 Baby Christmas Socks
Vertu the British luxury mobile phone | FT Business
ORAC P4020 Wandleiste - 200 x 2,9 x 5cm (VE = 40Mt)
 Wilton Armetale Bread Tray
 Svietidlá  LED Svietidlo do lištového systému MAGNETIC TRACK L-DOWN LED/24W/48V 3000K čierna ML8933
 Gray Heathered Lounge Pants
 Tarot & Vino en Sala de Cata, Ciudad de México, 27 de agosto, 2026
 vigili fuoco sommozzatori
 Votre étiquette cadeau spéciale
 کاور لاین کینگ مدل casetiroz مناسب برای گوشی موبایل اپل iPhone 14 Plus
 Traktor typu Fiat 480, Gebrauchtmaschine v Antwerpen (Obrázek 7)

------------------------------------------------

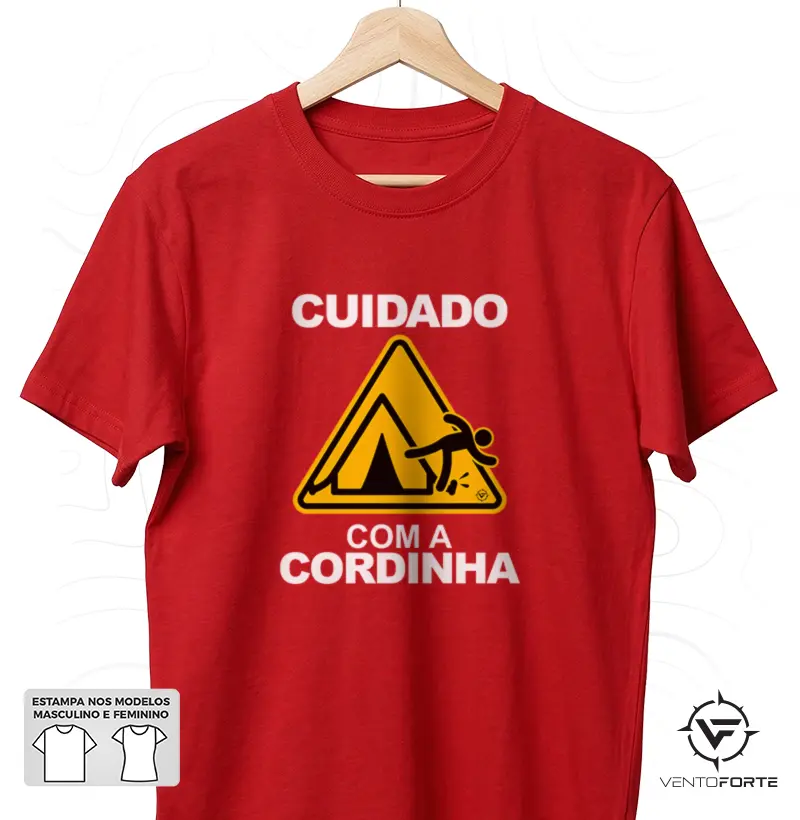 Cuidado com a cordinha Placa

------------------------------------------------

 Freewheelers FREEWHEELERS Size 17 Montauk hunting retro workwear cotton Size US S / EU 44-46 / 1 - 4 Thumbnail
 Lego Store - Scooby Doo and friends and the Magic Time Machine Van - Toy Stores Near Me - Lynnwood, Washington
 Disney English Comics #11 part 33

------------------------------------------------

### WORK REQUIRED
What you return should be exactly the lines above, starting at the one with "Vertu the British" and ending at the one with "Traktor typu Fiat", and nothing else.

### ANSWER TO THE EXERCISE
Vertu the British luxury mobile phone | FT Business
ORAC P4020 Wandleiste - 200 x 2,9 x 5cm (VE = 40Mt)
 Wilton Armetale Bread Tray
 Svietidlá  LED Svietidlo do lištového systému MAGNETIC TRACK L-DOWN LED/24W/48V 3000K čierna ML8933
 Gray Heathered Lounge Pants
 Tarot & Vino en Sala de Cata, Ciudad de México, 27 de agosto, 2026
 vigili fuoco sommozzatori
 Votre étiquette cadeau spéciale
 کاور لاین کینگ مدل casetiroz مناسب برای گوشی موبایل اپل iPhone 14 Plus
 Traktor typu Fiat 480, Gebrauchtmaschine v Antwerpen (Obrázek 7)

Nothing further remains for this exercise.